Russia's chief public health official voiced optimism that the bird flu that has killed domestic fowl in several regions of Siberia has stabilized.
Gennady Onishchenko said quarantines were already being lifted in some settlements and ruled out earlier reports that the disease had spread to domestic birds in Gorno-Altai, another Siberian region, where a wild duck was found to be a carrier.
Experts are also still trying to determine whether the virus had spread to the southern province of Kalmykia, he said.
"As far as September is concerned, we need to hold the situation within the present boundaries and to reduce the expansion as much as possible before water birds fly away from here," he told a news conference.

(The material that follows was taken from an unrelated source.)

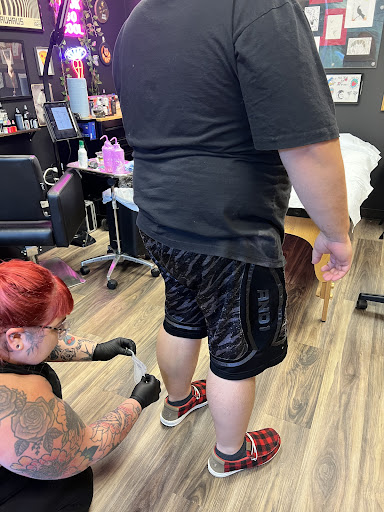 Explore guy thigh tattoo ideas, creative tattoo ideas in Greenfield Center, available at Apothecary Ink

The bird flu, blamed on wild migratory birds from South East Asia, was first detected in a Siberian region in July and has since then spread to at least five other provinces, including the region which lies on the border of the Asian and European parts of Russia.
The H5N1 strain of the flu can be lethal to humans, but no human cases have been registered in Russia.
Nearly 14,000 poultry have died of the disease, according to Onishchenko's agency, and the Emergency Situations Ministry said about 130,000 birds have been slaughtered to keep the disease from spreading.
The ministry estimated that the flu outbreak has cost Russia at least 38 million rubles (US$1.35 million, Ђ1.08 million), besides the cost of quarantine and other preventive measures.
Onishchenko said he will ask regional leaders to ban bird-hunting later this year, since the wild birds may be carrying the infection.
In line with other Russian officials, Onishchenko warned that all countries and continents were at risk of being affected by the flu next year when wild birds migrate to more countries.